Sa résurrection, elle la doit en partie au septième art et à la littérature

Le cinéma a depuis cinquante ans dévoilé, au compte-gouttes, la beauté de cette région italienne oubliée. A visiter sans trop tarder.

C’est un peu l’histoire d’une résurrection : coincée au nord par les Pouilles, à l’ouest par la Campanie et au sud par la Calabre, la Basilicate ne retenait l’attention de personne, région pauvre et oubliée des pouvoirs publics italiens, du reste du pays et des touristes… Stigmatisée pourrait-on même dire, comme symbole de la pauvreté et de la misère de la Péninsule. Pourtant, cette région, qui se mérite plutôt qu’elle ne s’offre comme ses voisines plus cabotines, regorge de richesses insoupçonnées.

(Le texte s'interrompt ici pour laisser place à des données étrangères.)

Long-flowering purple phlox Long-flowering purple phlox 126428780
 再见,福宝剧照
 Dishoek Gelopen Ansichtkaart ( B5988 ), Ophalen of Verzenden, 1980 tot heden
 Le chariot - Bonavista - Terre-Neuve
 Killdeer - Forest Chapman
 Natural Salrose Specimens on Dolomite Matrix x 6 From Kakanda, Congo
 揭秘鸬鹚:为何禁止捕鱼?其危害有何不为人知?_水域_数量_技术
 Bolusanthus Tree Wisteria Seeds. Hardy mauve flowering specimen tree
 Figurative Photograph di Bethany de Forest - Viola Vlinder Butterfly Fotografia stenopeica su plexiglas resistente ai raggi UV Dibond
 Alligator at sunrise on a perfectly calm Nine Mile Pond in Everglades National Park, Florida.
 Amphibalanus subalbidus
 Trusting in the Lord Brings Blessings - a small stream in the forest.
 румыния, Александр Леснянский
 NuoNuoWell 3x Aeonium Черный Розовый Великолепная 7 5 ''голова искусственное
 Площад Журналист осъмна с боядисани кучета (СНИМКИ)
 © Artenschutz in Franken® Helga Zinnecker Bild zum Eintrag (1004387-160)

Sa résurrection, elle la doit en partie au septième art et à la littérature. Pier Paolo Pasolini la choisira, et plus particulièrement la ville de Matera, pour y tourner en 1964, L’Evangile selon Saint-Matthieu. Quarante ans plus tard, Mel Gibson y réalisera son décrié Passion du Christ.

En 2006, le village de Craco servit de cadre pour La Nativité (2006), l’histoire d’amour entre Joseph et Marie, avant que Rocco Papaleo n’y signe le très beau road-movie, Basilicata Coast to Coast (2010). Ce film raconte l’histoire de quatre amis musiciens qui, lassés de n’avoir aucun succès, décident de se rendre au festival de Scanzano Jonico en traversant à pied la Basilicate, partant de la mer Tyrrhénienne pour arriver à la mer Ionienne.